One convergence is around context. Consumer assistants have had to learn how to stitch together context across devices and sessions because people talk to them in the middle of their day. Enterprises are discovering that their employees behave the same way. Someone might start a task in a browser, pick it up in a mobile app, and finish it inside a chat tool. If the AI system behind that journey does not carry the right context with the right permissions, the experience falls apart. Another convergence is around trust signals. In consumer AI, trust shows up in whether you keep talking to the assistant and whether you are willing to let it do more on your behalf. In enterprises, trust shows up in whether teams are comfortable letting AI participate in higher impact workflows. In both cases, you need transparency about what the system knows, what it just inferred, and what it is about to do. Finally, both are moving toward continuous learning from real usage rather than one-time model launches. Consumer AI learned that lesson early, because behavior changes fast.

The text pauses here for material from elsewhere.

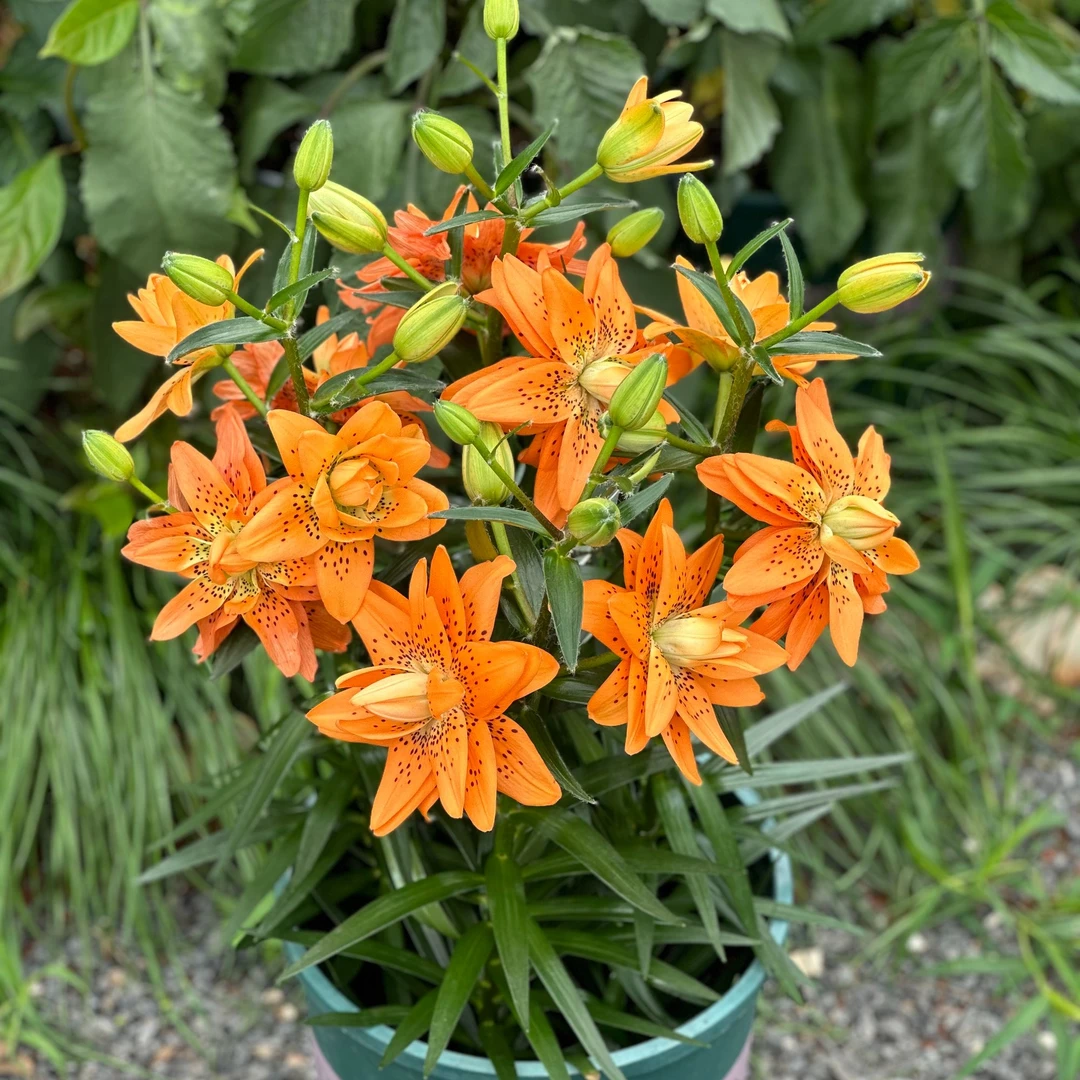 1颗百合种球【荷兰设计12-14】虎皮百合系列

Enterprises are catching up as they see that static models fall out of sync with the business.

If you had to give one piece of advice to leaders in consumer tech and one to leaders in enterprises, what would you say?

For consumer tech leaders, I would say: treat governance and experimentation as the same pipeline. The teams that win will be the ones that can ship changes quickly while proving that those changes respect people’s data, preferences, and consent. That is not a trade off. It is a design constraint. For enterprise leaders, my advice is: pick a few deep, cross-functional journeys and make AI indispensable there before you scale. It is tempting to sprinkle AI across the organization, but the hard problems live where multiple systems and teams intersect. If you can show that AI makes those journeys faster, safer, and more explainable, expansion becomes much easier to justify. In both worlds, the role of a technical program leader is to make AI feel less like magic and more like reliable infrastructure. When you do that, you get the best of both sides: the accessibility of consumer tools with the discipline of enterprise systems.

Any closing thoughts on where this convergence is headed next?

I think we are heading toward a world where people do not distinguish between “consumer AI” and “enterprise AI” as much as they do today. They will just notice whether the systems around them remember what matters, respect what should be private, and help them move faster with confidence. The encouraging sign is that both sides are learning. Consumer AI is getting more serious about policy and long-term value. Enterprises are getting more serious about usability and human-centered design. My job is to keep building programs that make that convergence practical rather than theoretical. When that happens, the real winners are the people on the other side of the screen or the speaker. They will simply feel like the systems around them are finally listening and acting in ways that align with their goals, whether they are cooking dinner at home or making decisions in a boardroom.